SB6272

SB6272 – Increases the State’s emissions reductions targets more.
Prime Sponsor – Senator Das (D; 47th District; Kent)
Current status – Had a hearing in the Senate Committee on Environment, Energy & Technology January 21st. Failed to make it out of committee by 2020 cutoff; dead bill.
Next step would be –
Legislative tracking page for the bill.
HB2311 is the identical companion bill in the House.
(There’s a Senate bill report.)

Comments –
The bill would raise the State’s targets farther than last session’s HB1113, which has been reintroduced. (That bill would set them to match the Paris Accords’.)

Summary –
The bill leaves the State’s current greenhouse gas emissions target of a reduction to 1990 levels by 2020 (which we will not meet) in place. It raises the next target from a 25% reduction below 1990 levels by 2035 to a 45% reduction by 2030. It adds a target for 2040 of a 70% reduction, and it increases the target for 2050 from a 50% reduction from 1990 levels to a 95% reduction. It adds a requirement for achieving net-zero emissions state-wide by 2050.

The targets are about reducing the amount of CO2 going into the atmosphere; they don’t address removing CO2 by increasing sequestration.
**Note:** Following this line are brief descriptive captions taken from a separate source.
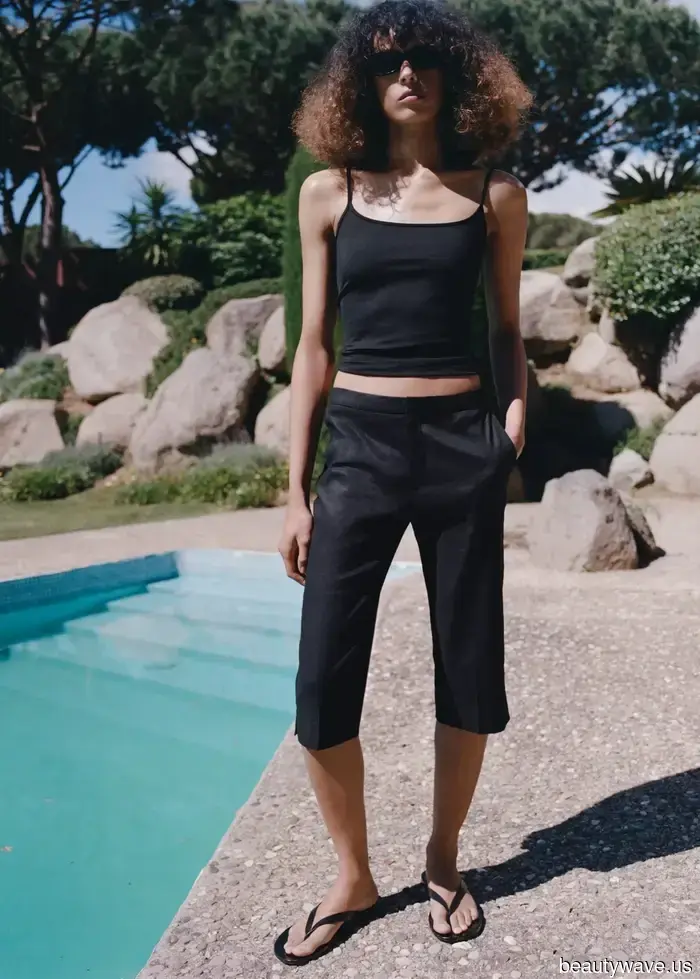 A Parigi, le donne più chic indossano uno di questi abbinamenti tra scarpe basse e pantaloni cropped.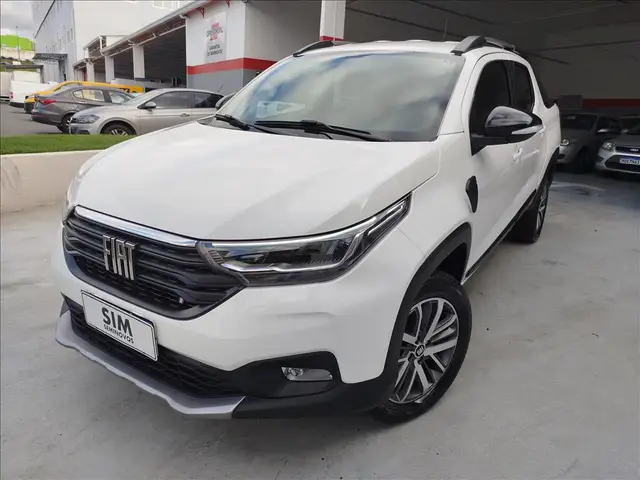 Carro Fiat Strada 2025 Volcano 1.3 Flex 8V CD Aut.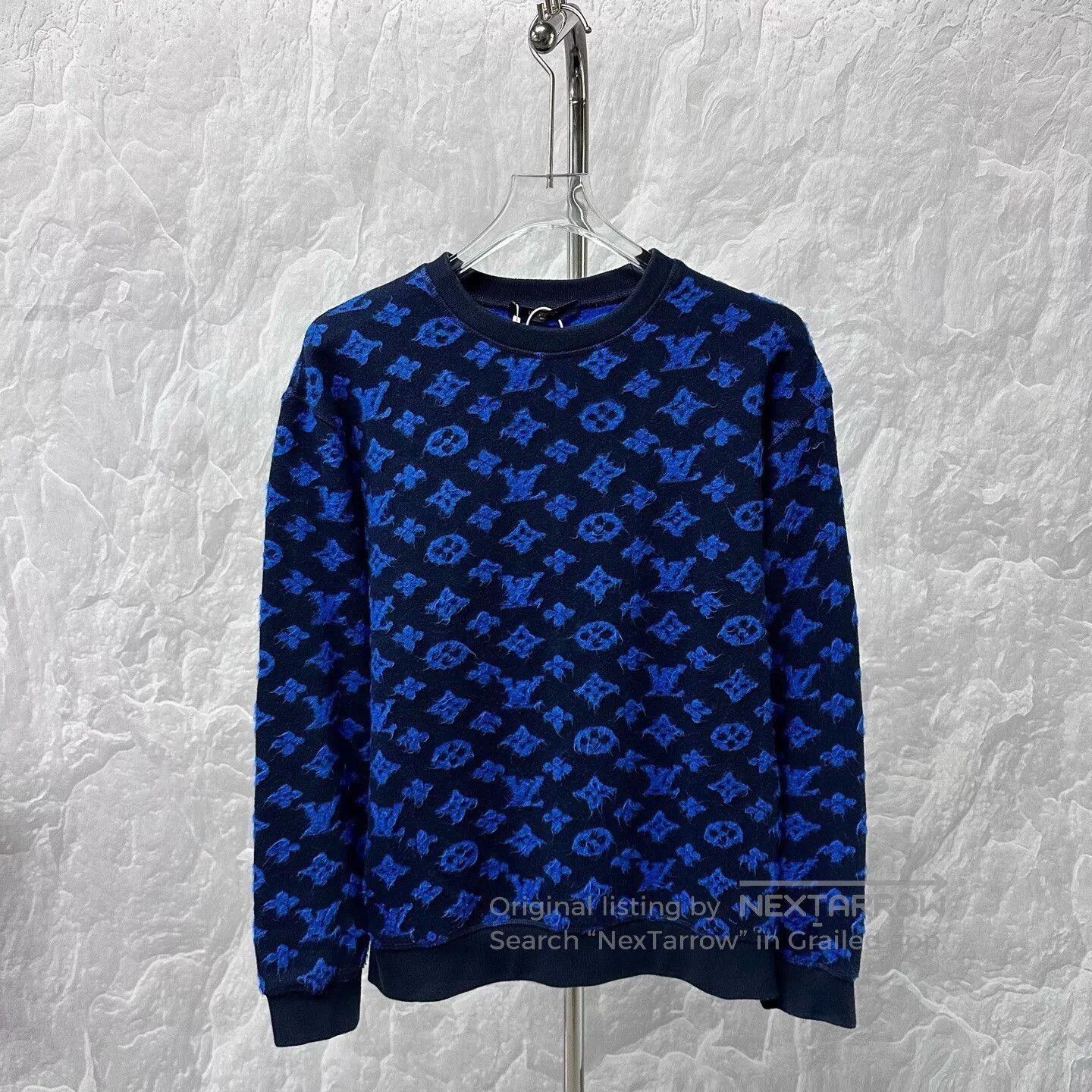 Louis Vuitton louis vuitton blue logo crewneck sweatshirt. Size US L / EU 52-54 / 3 - 1 Thumbnail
However, the bill also says that “separate and apart” from reducing emissions to meet the targets, it’s the policy of the State “to prioritize sequestration activities in amounts necessary to achieve the carbon neutrality goal established in RCW 70.235.020, and at a level consistent with pathways to limit global warming to one and one-half degrees.” It says the State should promote voluntary and incentive based sequestration on natural and working lands and recognize the potential for sequestration in products and product supply chains associated with working lands. It requires agencies to seek all practical opportunities to cost-effectively maximize carbon sequestration in their operations, contracting, and grant-making activities.

Details –
Commerce’s reports on emissions are now to include those from wildfires.
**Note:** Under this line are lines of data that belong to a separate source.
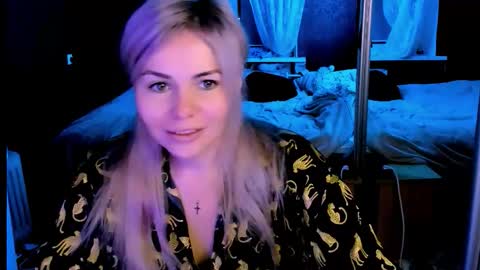 Snapshot of loraboyar chatting on 10.17.25 Lora online show from 10.17.25
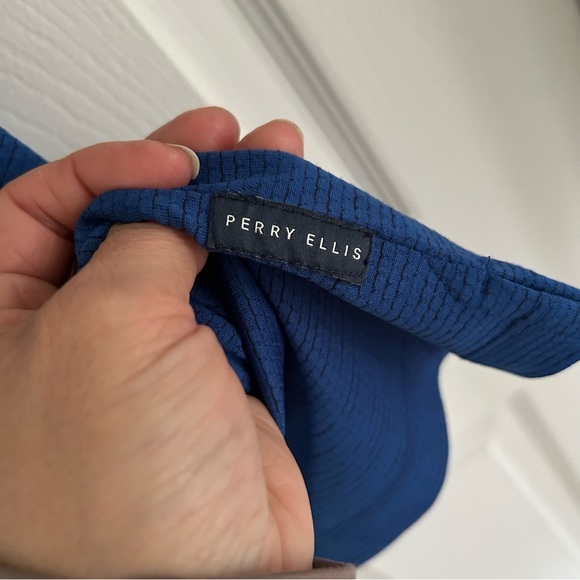 Perry Ellis Men's Blue Polo Shirt size M - Picture 5 of 7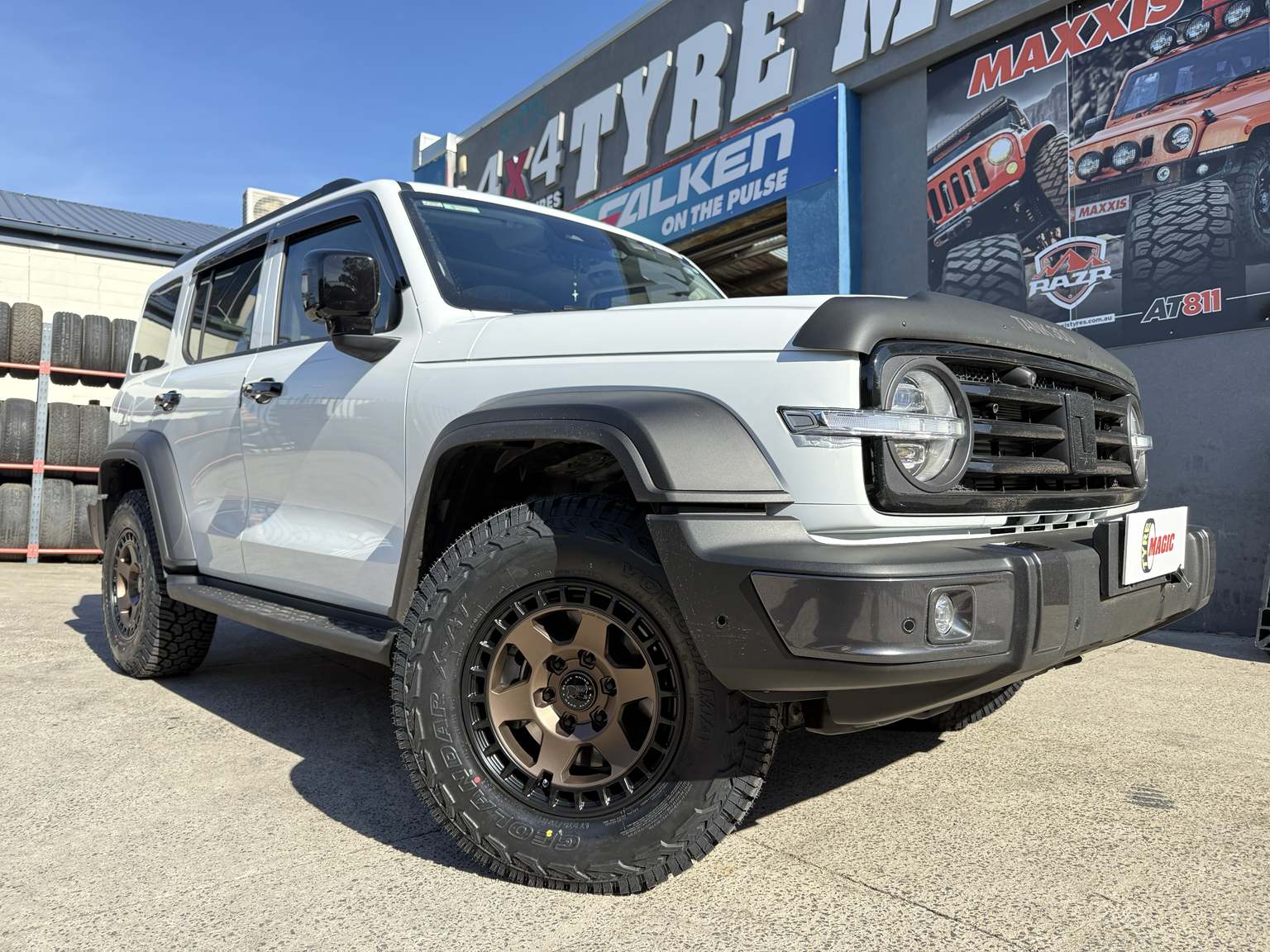 Tank 300 - Black Rhino Bahari Bronze - Yokohama XAT G016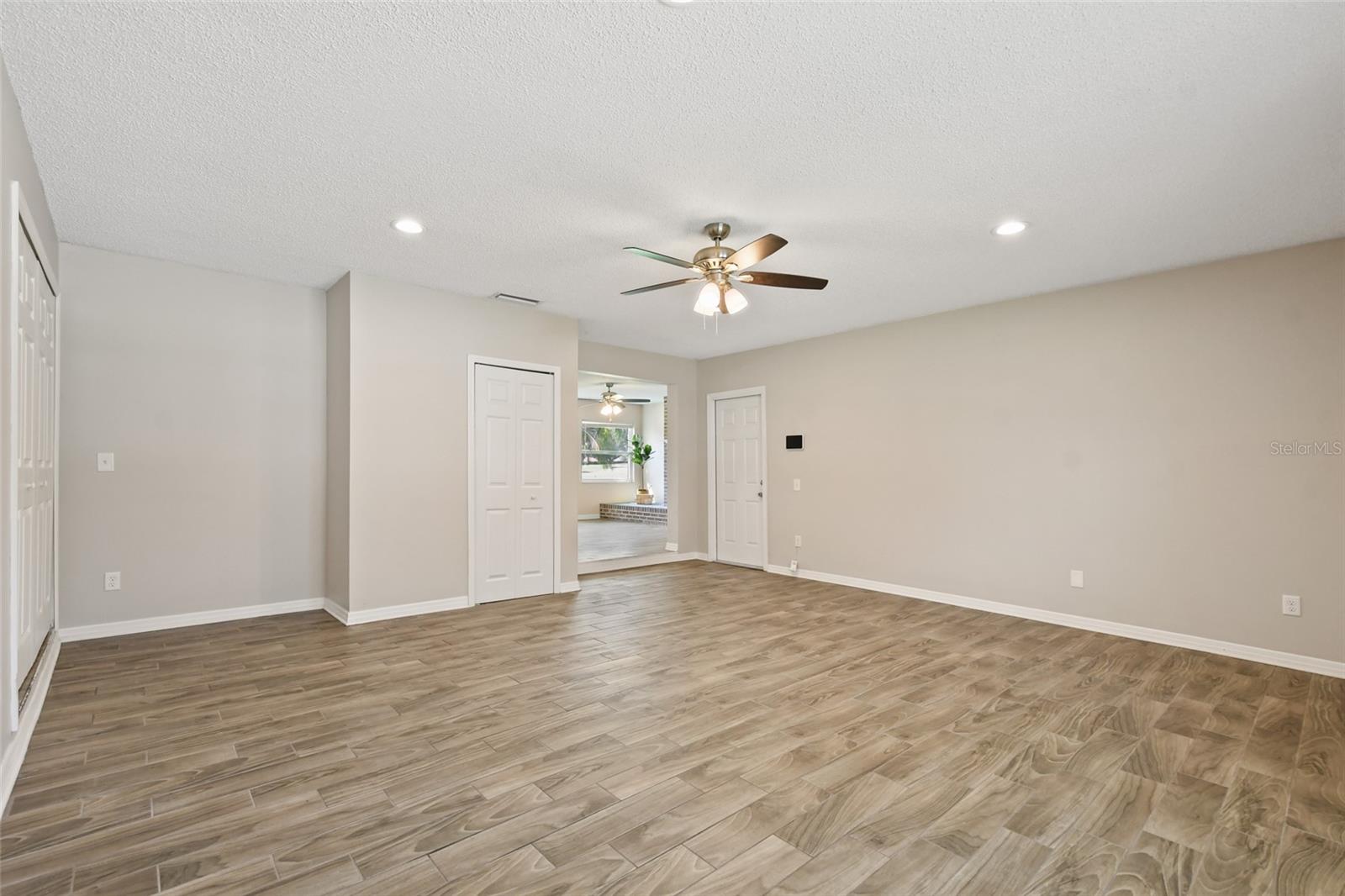 Image 36 of 56 For 7037 Edgeworth Drive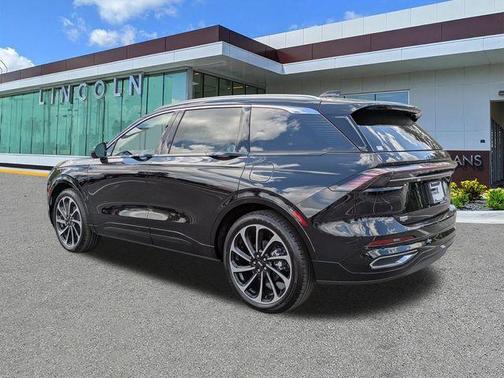 Black Metallic 2026 Lincoln Nautilus Black Label
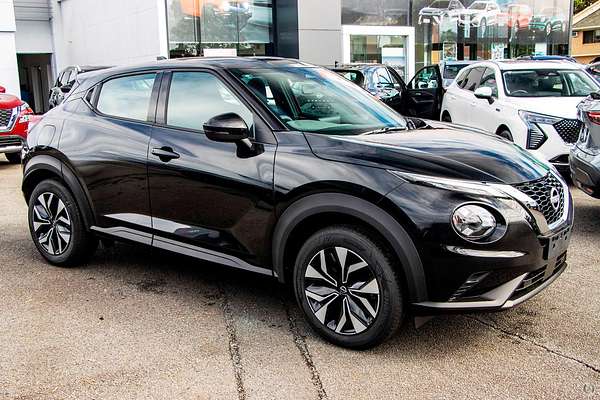 2025 Nissan JUKE ST F16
State agencies’ goals are increased to a 45% reduction below 2005 levels by 2030, a 70% reduction by 2040, a 95% reduction below 2005 levels by 2050, and net zero emissions by state government as a whole by then as well. Agencies are now to report every two years to the efficiency and environmental performance office at the Department of Commerce on their plans for reaching these targets and Commerce is to report to the Legislature on those (and on the budget required to implement them).